Data creates the foundation for better dialogue
Data has also had a significant impact on the way service staff and the departments cooperate in day-to-day operations.
Data from the Columna Service Logistics system is used at meetings between service management and the departments. The data that service management receives from the system is used to analyse when events or issues arise that present challenges in day-to-day operations. “Data means that we can now see where and how our service efforts were distributed in specific episodes,” explains John Bjørn Olsen.
These changes have been decisive. The service staff now know exactly where and how they can tackle the tasks they are presented with. Moreover, they now have a clear process for getting the tasks done in cooperation with the departments. This gives a completely different approach to tackling these tasks.
Before the implementation of the new service logistics system, communication between the different departments and teams was different. If problems arose and a task was not dealt with correctly, the head of the department concerned get hold of the service management team, who then informed the service staff concerned.
The flow of communication has now been reversed, so it is the service managers who call in the departments for meetings, where they present how the service personnel have performed, based on the data to which the service logistics system has given them access.
"Previously, it was always a question of what we from the service team had been unable to deliver, or could do better. It could be that an operating theatre had not been cleaned on time, or that a patient had arrived late for an examination. After the implementation, we have a clear overview of when and how problems arose, and this can give rise to a good dialogue between the department and service staff," explaines John Bjørn Olsen.
The service management team now holds regular meetings with the departments, where they have an open dialogue about how best to deliver, based on concrete data. This is a process that contributes to an improved workflow between departments and service personnel.

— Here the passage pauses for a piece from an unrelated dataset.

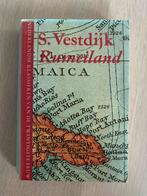 S. Vestdijk - Rumeiland, Ophalen of Verzenden, Gelezen, Nederland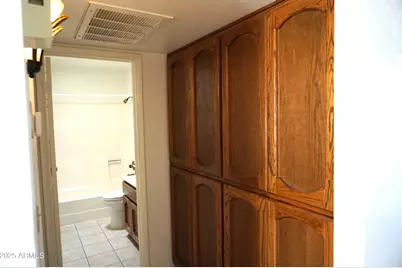 3345 E University Drive #28, Mesa, AZ 85213 - Photo 9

Data has created a better distribution of tasks
The availability of relevant data has given Nordsjællands Hospital a clear insight into the relationship between the orders placed for service tasks and the time for expected delivery of these tasks. For example, the system shows that many tasks are ordered just before staff in the departments go for lunch, in connection with doctors’ ward rounds or in conjunction with shift changes. It is clear that peaks and bottlenecks occur in the logistics during these particular times, when the service personnel are unable to deal with the number of “orders” received.
“In cases like these, data has given us a way to register and measure these times, which has in turn contributed to a good, open dialogue between the service staff and the departments about why the demand peaks occur,” says John Bjørn Olsen.
For the service personnel, the solution to this has been a reorganisation of the staffing of the various teams at different times throughout the day. At the same time, the departments have focused on getting the tasking orders spread out over the day, so that things like a change of shift does not generate a lot of new taskings at the same time.
At Nordsjællands Hospital, data has created a strong foundation for better communication and dialogue, which benefits every part of the hospital when the big logistics jigsaw has to be pieced together every single working day.
It is a good example of where data has really contributed to improvements. Previously, we might have an idea about where the challenges were, but now we can actually document this with data.